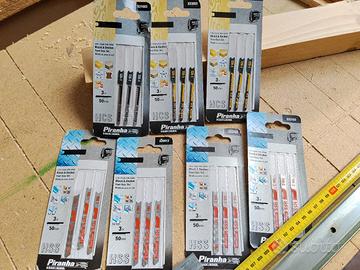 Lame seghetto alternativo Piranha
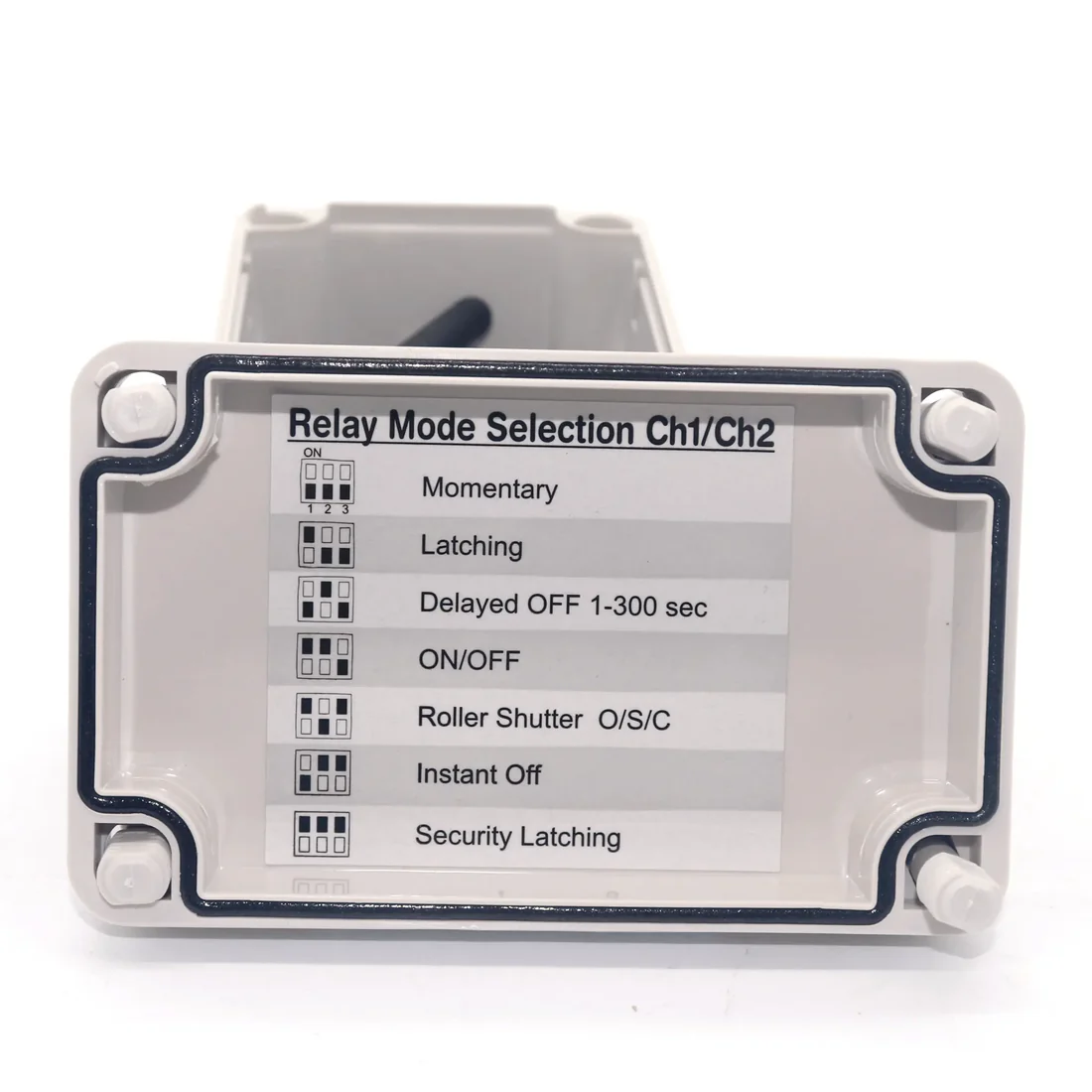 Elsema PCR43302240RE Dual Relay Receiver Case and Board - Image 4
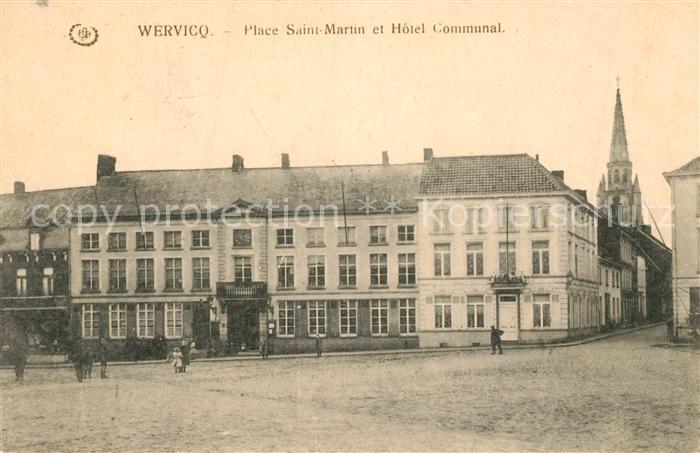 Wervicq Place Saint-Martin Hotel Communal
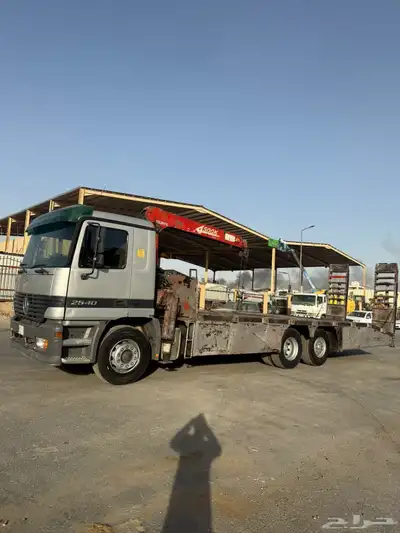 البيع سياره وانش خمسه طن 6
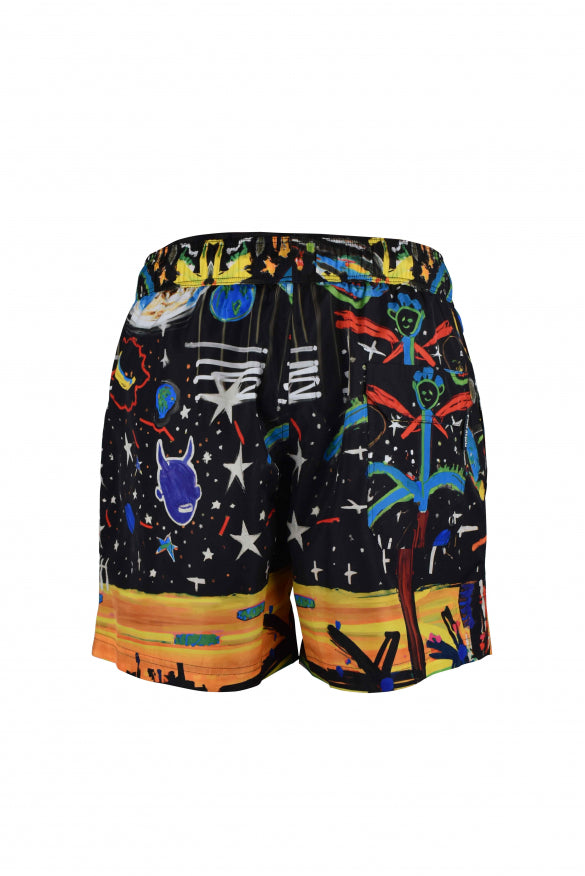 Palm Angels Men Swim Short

━━━━━━━━

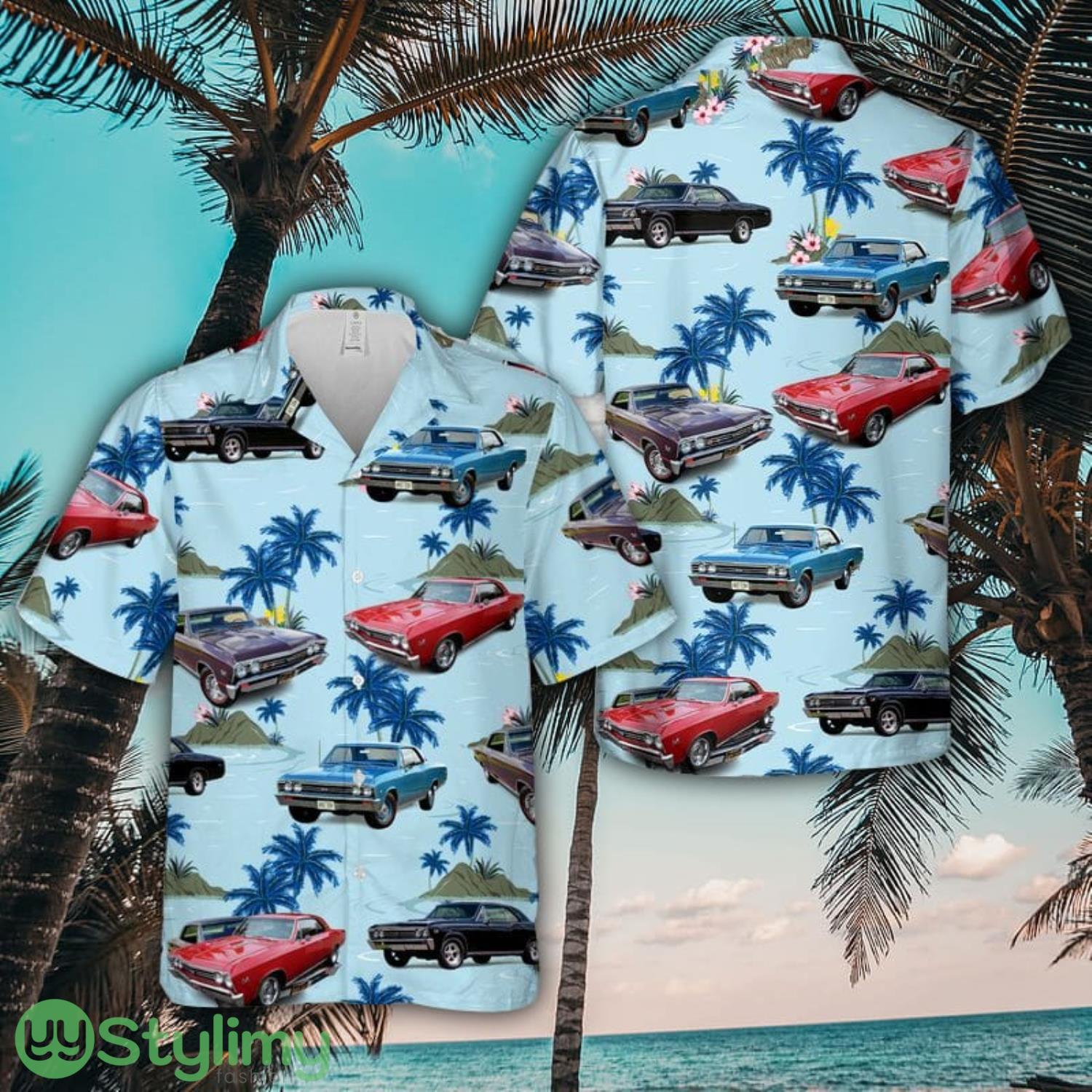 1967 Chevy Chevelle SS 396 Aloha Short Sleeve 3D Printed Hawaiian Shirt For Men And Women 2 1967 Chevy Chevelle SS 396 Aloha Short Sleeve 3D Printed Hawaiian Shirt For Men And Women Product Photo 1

━━━━━━━━

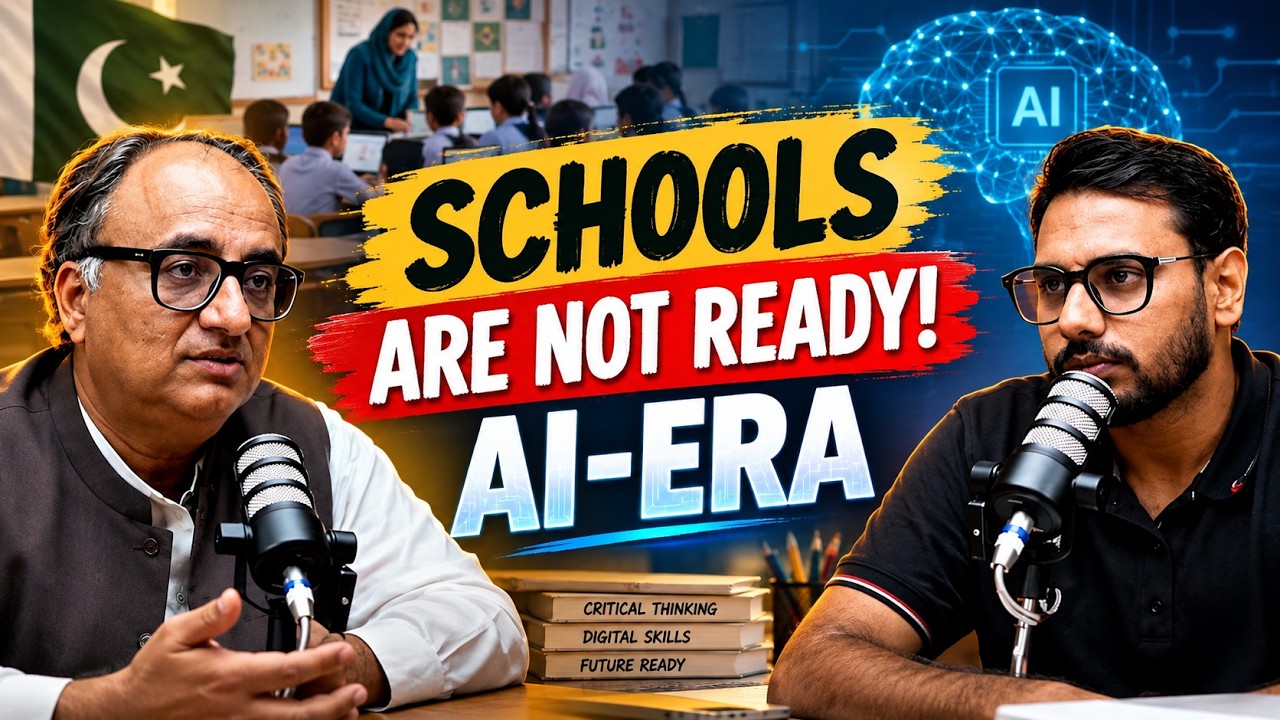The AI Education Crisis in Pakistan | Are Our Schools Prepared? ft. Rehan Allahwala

━━━━━━━━

YOUR OBJECTIVE - Everything above from the line with "Lame seghetto alternativo Piranha" through the line with "Palm Angels Men Swim Short" should be retyped exactly, and nothing else; omit pictures.

ANSWER SECTION -
 Lame seghetto alternativo Piranha
 Elsema PCR43302240RE Dual Relay Receiver Case and Board - Image 4
 Wervicq Place Saint-Martin Hotel Communal
 البيع سياره وانش خمسه طن 6
 Palm Angels Men Swim Short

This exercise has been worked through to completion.